# ordered a blank... where are mass stickers?



## Qball (Jun 22, 2010)

I've seen some deals on ebay for something like 50 stickers for 10 bucks or so.


----------



## MistahTaki (Apr 24, 2010)

51bombed said:


> don't feel like bouncing around a thousand sites to find some stickers to collage a topsheet...
> snagged one of the boards from blanksnowboards.com to see how they were, and liked the idea of a collage for topsheet...dont feel like sticking shit all over my current sticks -_-
> 
> inpuT?


go to flux's facebook page and ask for stickers and they'll send you a lot for free. for rome go to their site, sticker request, free. capita and thirtytwo charge 2 bucks but they send you a butt load of stickers, worth it. 32 send me a bunch of decals and reg stickers and a huge "32" sticker and a promo dvd.


----------



## 51bombed (Sep 21, 2010)

MistahTaki said:


> go to flux's facebook page and ask for stickers and they'll send you a lot for free. for rome go to their site, sticker request, free. capita and thirtytwo charge 2 bucks but they send you a butt load of stickers, worth it. 32 send me a bunch of decals and reg stickers and a huge "32" sticker and a promo dvd.


i love you


----------



## SoCalBurton (Sep 28, 2009)

I want ANALOG stickers..where to go? I dont even see them on their site.


----------



## MistahTaki (Apr 24, 2010)

SoCalBurton said:


> I want ANALOG stickers..where to go? I dont even see them on their site.


try here.Analog Clothing / Contact / Contact Us

last time i checked i think you have to pay. idk, worth a try a though.


----------



## SoCalBurton (Sep 28, 2009)

MistahTaki said:


> try here.Analog Clothing / Contact / Contact Us
> 
> last time i checked i think you have to pay. idk, worth a try a though.

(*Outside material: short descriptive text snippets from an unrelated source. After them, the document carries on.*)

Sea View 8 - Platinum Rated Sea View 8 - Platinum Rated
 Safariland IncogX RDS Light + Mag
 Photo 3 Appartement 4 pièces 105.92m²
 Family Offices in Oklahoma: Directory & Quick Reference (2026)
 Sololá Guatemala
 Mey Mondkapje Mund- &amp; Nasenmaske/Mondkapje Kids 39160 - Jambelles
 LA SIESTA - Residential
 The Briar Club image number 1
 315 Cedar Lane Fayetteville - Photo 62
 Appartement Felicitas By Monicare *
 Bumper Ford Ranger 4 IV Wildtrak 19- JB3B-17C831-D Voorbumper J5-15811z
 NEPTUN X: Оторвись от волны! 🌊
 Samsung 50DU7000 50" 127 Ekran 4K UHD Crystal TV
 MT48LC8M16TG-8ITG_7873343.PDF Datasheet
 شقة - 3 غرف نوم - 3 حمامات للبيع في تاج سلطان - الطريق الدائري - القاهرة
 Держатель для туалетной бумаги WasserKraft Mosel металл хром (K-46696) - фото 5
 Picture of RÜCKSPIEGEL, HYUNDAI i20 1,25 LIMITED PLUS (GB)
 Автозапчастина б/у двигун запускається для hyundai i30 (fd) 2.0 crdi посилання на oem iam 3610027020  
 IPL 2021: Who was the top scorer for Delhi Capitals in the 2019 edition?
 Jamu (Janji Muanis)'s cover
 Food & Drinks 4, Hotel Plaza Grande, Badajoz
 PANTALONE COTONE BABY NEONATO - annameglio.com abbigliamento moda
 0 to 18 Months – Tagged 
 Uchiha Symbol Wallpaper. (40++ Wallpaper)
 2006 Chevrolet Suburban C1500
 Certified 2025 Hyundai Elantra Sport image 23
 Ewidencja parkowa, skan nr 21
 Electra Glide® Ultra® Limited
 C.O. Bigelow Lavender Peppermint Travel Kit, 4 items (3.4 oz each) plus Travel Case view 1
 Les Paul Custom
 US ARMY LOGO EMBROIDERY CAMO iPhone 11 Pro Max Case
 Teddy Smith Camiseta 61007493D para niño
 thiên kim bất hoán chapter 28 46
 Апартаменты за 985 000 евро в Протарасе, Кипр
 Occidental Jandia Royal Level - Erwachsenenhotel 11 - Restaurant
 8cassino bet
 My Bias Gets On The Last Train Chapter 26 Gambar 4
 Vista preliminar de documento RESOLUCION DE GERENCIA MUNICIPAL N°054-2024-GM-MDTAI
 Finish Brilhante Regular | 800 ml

Just sent off a message lets see what happens! Thanks


----------



## babtong (Oct 13, 2010)

http://www.snowboardingforum.com/snowboarding-general-chat/31714-snowboard-sticker-request.html

There you go.


----------



## MistahTaki (Apr 24, 2010)

babtong said:


> http://www.snowboardingforum.com/snowboarding-general-chat/31714-snowboard-sticker-request.html
> 
> There you go.


bunch of them dont send any stickers back so it's not worth bothering sending letters to all of them.


----------



## ferrealz (Jan 5, 2011)

I ordered stickers from stickeryou.com I basically uploaded all the images I want that I got from google, so I don't get any random stickers that I don't want. They're pretty cheap too. I paid like $7/page of stickers (Each page can has a lot of stickers depending on the size of the stickers) and somehow managed to get free shipping from their twitter account. My order arrived pretty quick too


----------



## chess24 (Feb 15, 2011)

If you want any custom die-cut stickers let me know. I run vinyl business out of my home. I could easily ship to you, and i accept paypal. Just an option, message me if you/or anyone else is interested.


----------



## mbesp (Jan 30, 2009)

this blank snowboard thing seems kinda cool. Post up a review once you've gotten a chance to ride it.


----------



## tj_ras (Feb 13, 2011)

You can always go online and grab all the pictures of the stickers you want and collage them
In ms paint or some other editor, go on a wrbsite that sells vinyl decals and get a vinyl cut and lay it out on your board.


----------



## Lifprasir (Jan 11, 2011)

Someone on trusnow.com is selling custom made stickers. He'll stick-rize a picture u send him.  Pretty cool.


----------



## 51bombed (Sep 21, 2010)

mbesp said:


> this blank snowboard thing seems kinda cool. Post up a review once you've gotten a chance to ride it.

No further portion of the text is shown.